That said, as noted in the reviewer’s comments, evaluating a broader range of models and different model sizes would indeed be an interesting avenue for future research. Additionally, given that our dataset is easy to generate, we anticipate that it will be possible to further expand the number of examples to enable more detailed evaluations of models in the future.
Taking these points into account, we believe that this study not only provides sufficient insights into the current SOTA models but also establishes an important foundation for future LLM research.
Effect of tokenization : Given the tasks involve character manipulation, ablation about how different tokenization schemes (e.g., byte-level, subword-level, character-level) impact the models' ability to follow instructions and maintain coherence over long sequences would provide valuable insights into the relationship between input representation and procedural reasoning.
In response to the reviewer’s comment, we conducted additional analysis to examine the impact of different tokenization methods on task accuracy. Specifically, we compared two tasks, "DeleteChar" and "DeleteWord," to explore how tokenization affects tasks with varying granularities of string manipulation.
In the DeleteChar task, characters are sequentially removed from a random string, whereas in the DeleteWord task, words are sequentially removed from sentences extracted from the Wikipedia English corpus. These differences reflect distinct characteristics in how tokenizers handle the input. In DeleteWord, frequent words are often represented as single tokens, while other words span multiple tokens, leading to primarily token-level operations. Conversely, DeleteChar requires fine-grained character-level operations, which, particularly in random strings, often involve more intricate token manipulation and conversions.

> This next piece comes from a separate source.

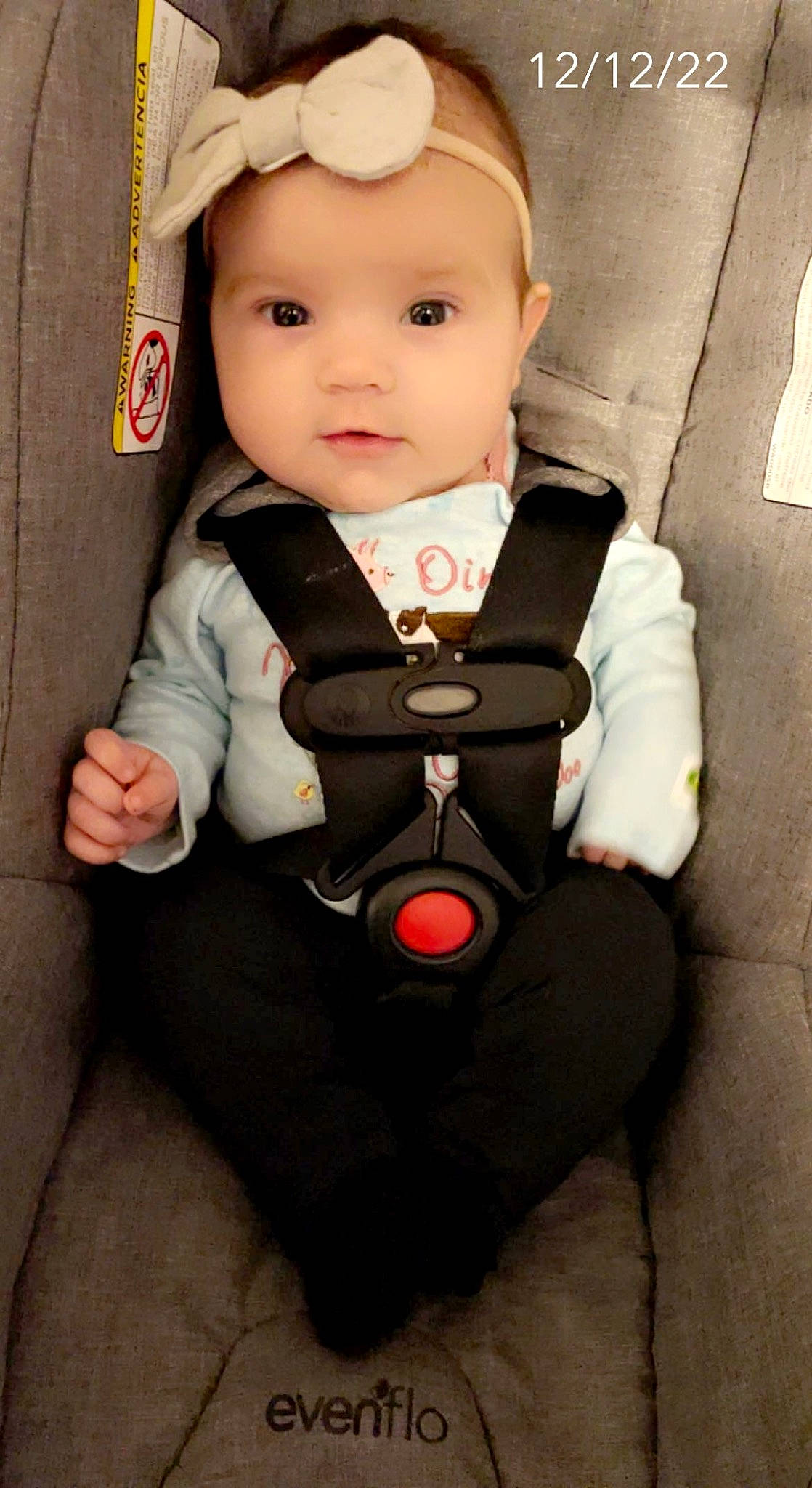 Bella joined the competition — help win amazing prizes! auto_part, baby, baby_carriage, baby_products, baby_safety, baby_toddler_clothing, cap, cheek, child, clothing, collar, comfort, face, hat, headwear, outerwear, person, product, sitting, sleeve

Our analysis hypothesized that DeleteChar would be more challenging for models due to its reliance on tokenization-related transformations. However, as shown in our results (Figure 6), there was no significant difference in accuracy between the two tasks across the models. Interestingly, DeleteChar demonstrated slightly higher accuracy, contrary to expectations. This result suggests that factors beyond tokenization, such as the model's internal representations, may play a critical role and warrant further investigation.
While the extent to which tokenization impacts other tasks remains unclear, our findings suggest that its influence may not be as pronounced as initially anticipated. Instead, the nature of the tasks themselves and other considerations, such as task-specific properties, seem to have a greater effect on model performance.
Lack of Novelty : [1], [2] already demonstrate LLM's accuracy declines as, planning depth of procedurally generated problems increases. Paper doesn't propose any new technique that can improve/augment the instruction following capabilities.
Thank you for your comments. While we acknowledge that benchmarks such as PlanBench evaluate planning abilities through multi-step tasks, ProcBench focuses on a fundamentally different aspect of reasoning.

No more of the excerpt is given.